Then, he rose to leadership roles within Hanover and Bethlehem townships' volunteer fire companies, and kept rising beyond those agencies. He went on to serve as director of emergency management in Lehigh County and coordinator/chief of Lehigh County Special Operations.
He was retired deputy chief of the Catasauqua Fire Department and worked part-time with the Lehigh County District Attorney's Office and its Municipal Emergency Response Team, according to Lehigh County Emergency Management.
He also belonged to the Federal Emergency Management Agency's Urban Search and Rescue Team.
According to Lower Saucon Fire Rescue, Kalynych had a passion for disseminating knowledge about the nuances of his industry.

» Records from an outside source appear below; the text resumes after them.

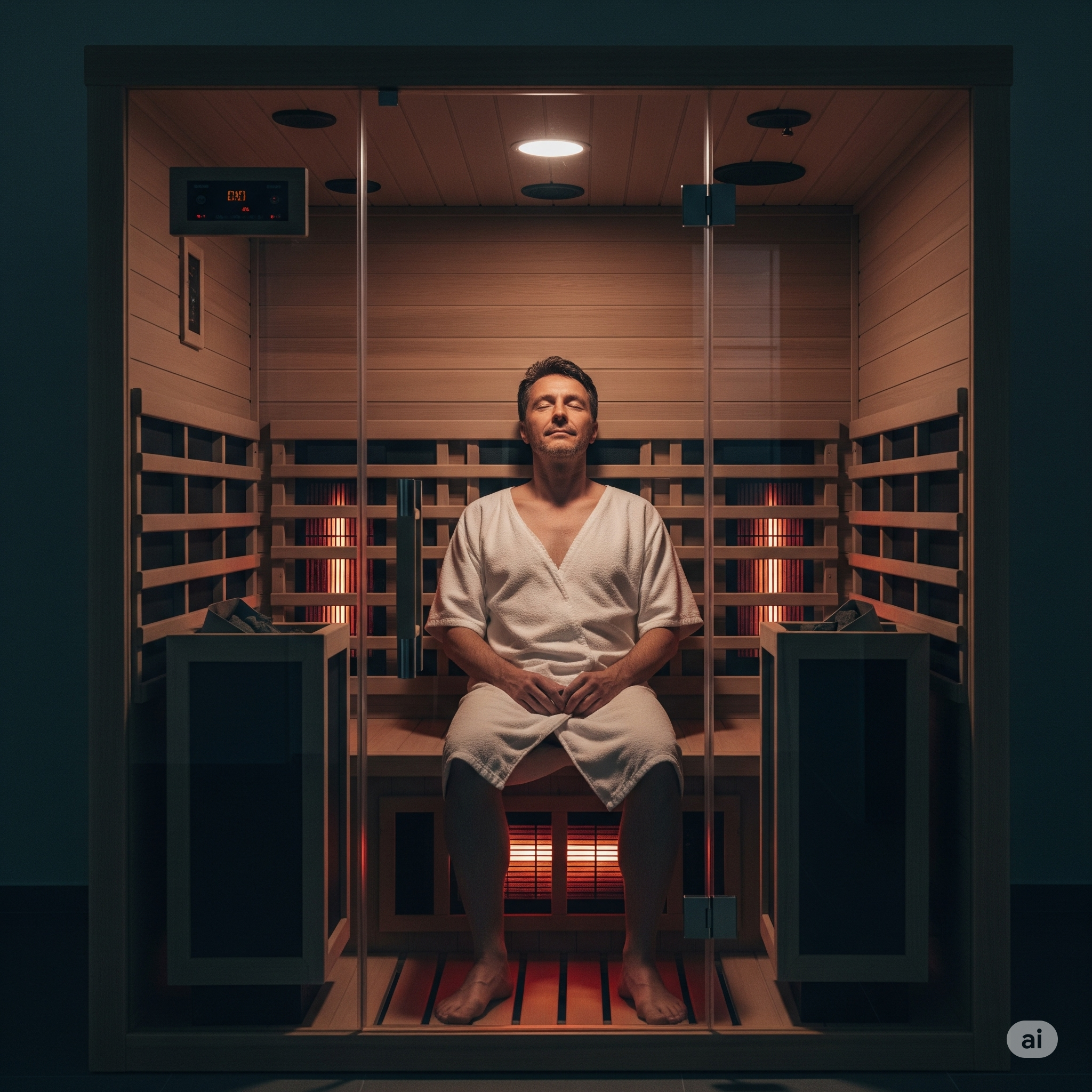 Infrared Sauna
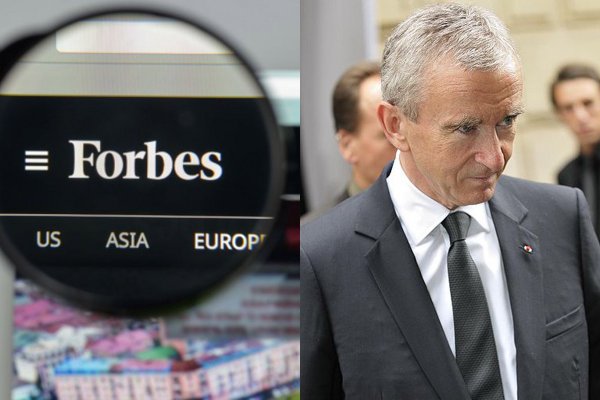 В Forbes назвали самых успешных бизнесменов недели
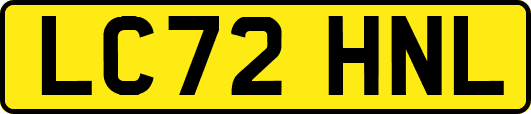 LC72HNL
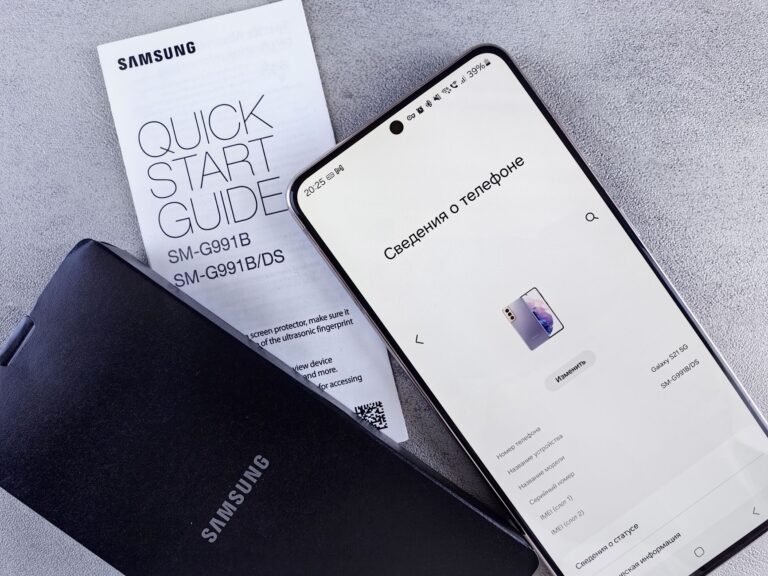 A modern smart home setup illustrating step by step installing samsung smartthings hub.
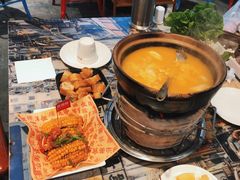 -捞围鲜·港式打边炉(海阳路店)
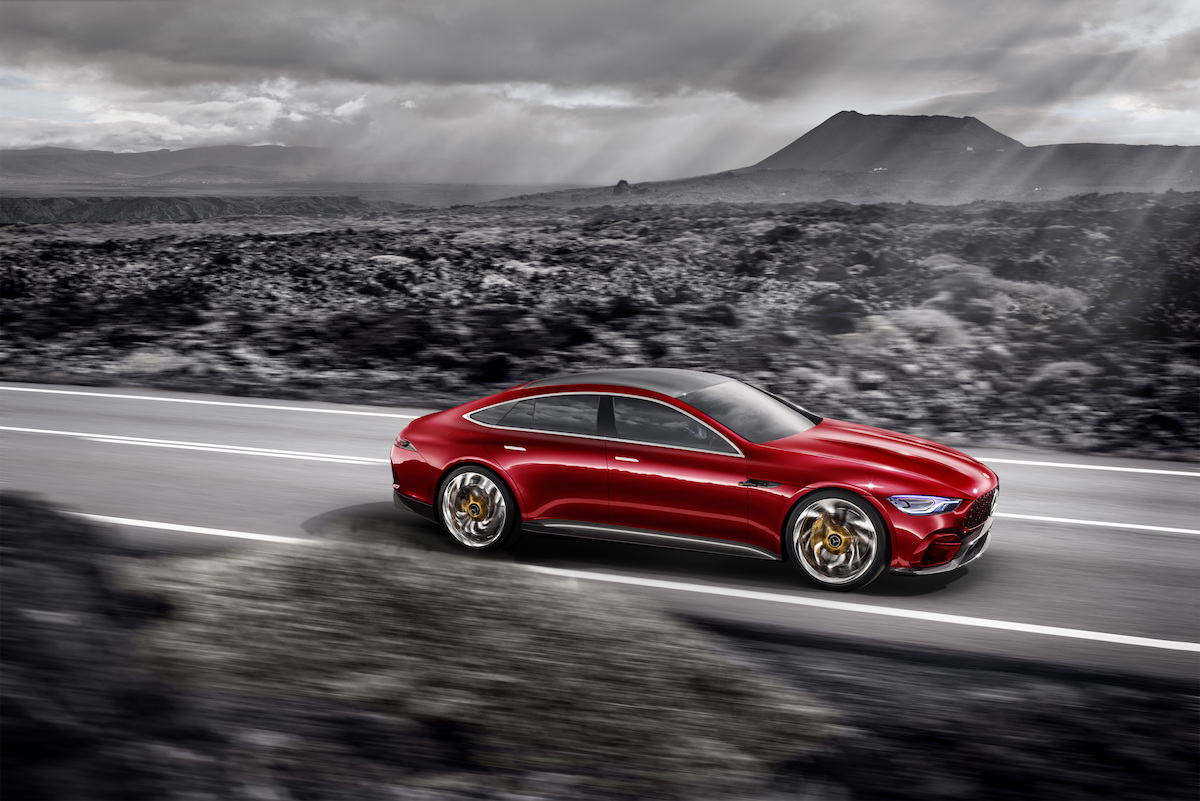 Showcar Mercedes-AMG GT Concept ; Showcar Mercedes-AMG GT Concept; class="wp-image-550110" 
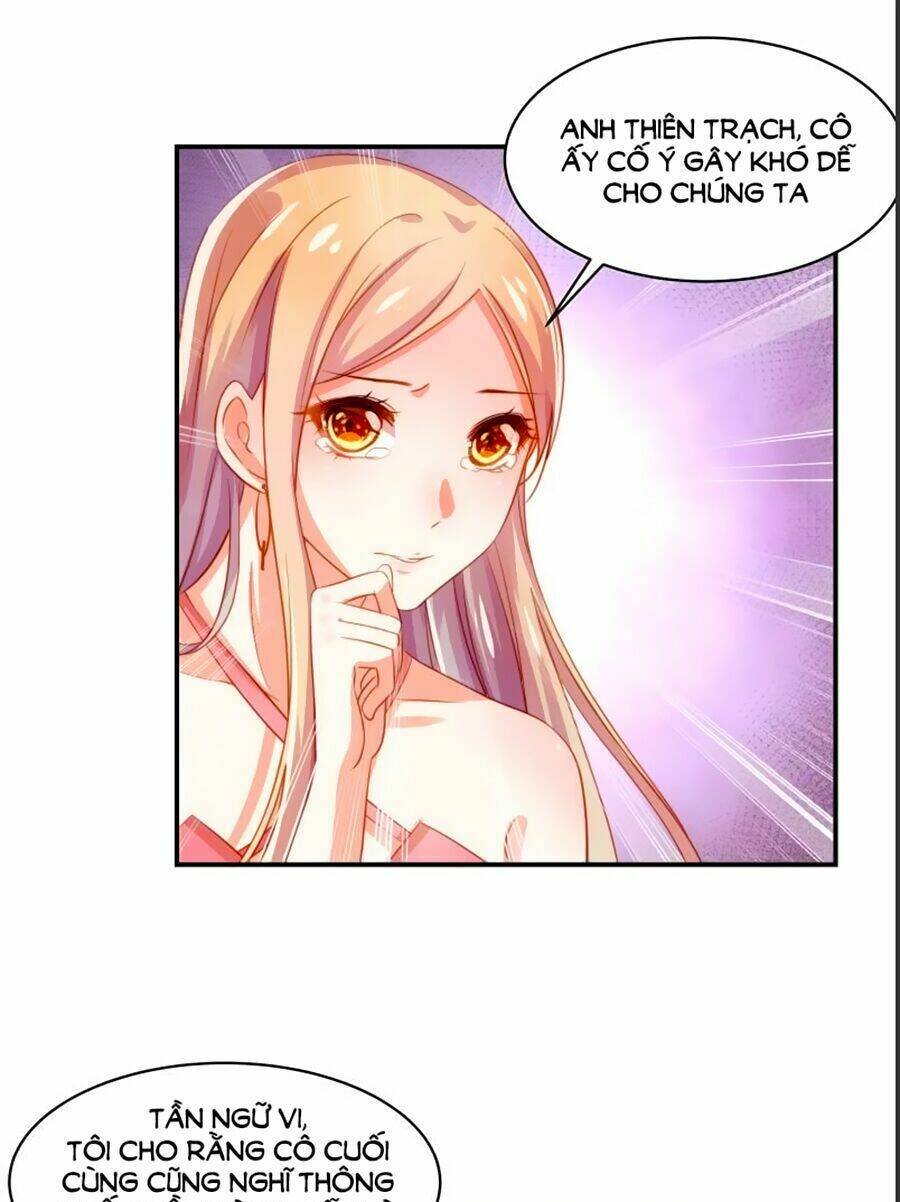 luyến dữ tổng tài vật ngữ chapter 17 4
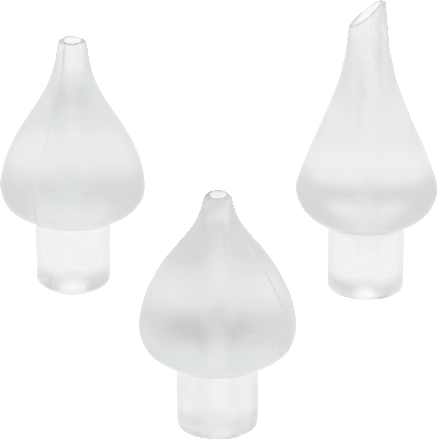 bezdrátová nosní odsávačka hlenů Baby Air Flow lionelo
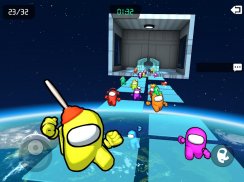 Imposter 456: Multiplayer game screenshot 1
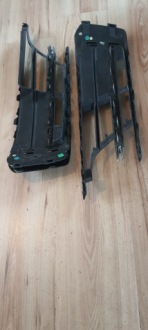 фото thumb №8, Audi a8 d5 решётка бампера левая правая 4n0807679a 4n0807680a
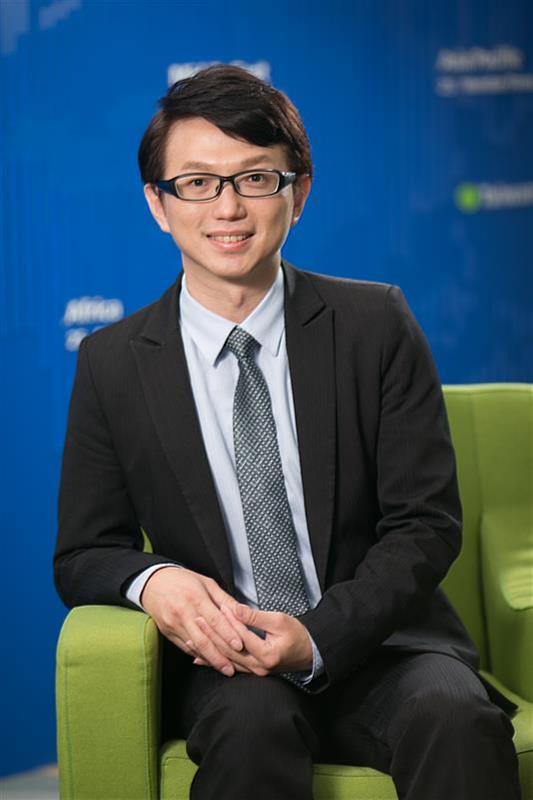 勤業眾信稅務部協理周正國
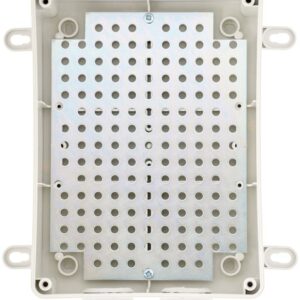 Blacha montażowa do obudów ABOX-M ATTE ADD-MPM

On his personal Facebook page, he once posted an image that declared "You can't train too much for a job that can kill you."
Among his survivors are two sons, whom friends said are now firefighters following in their dad's footsteps.
Buglio and others on social media said Kalynych was close with his boys and their thoughts were with his family.
"I want to wish, not just the emergency services and everybody that [John] came in contact with, but especially his family, his two boys," Buglio said.
"That, to me, is the most important thing. I lost my father at around the same age they are, so I know what it's like to grow up, at that adult stage in your life, 19, 20, or 22 years old, and not have that best friendship. I just want to offer my thoughts and prayers and condolences to the entire family."
Speaking through Lower Saucon Fire Rescue, Kalynych's family has asked for privacy during this time.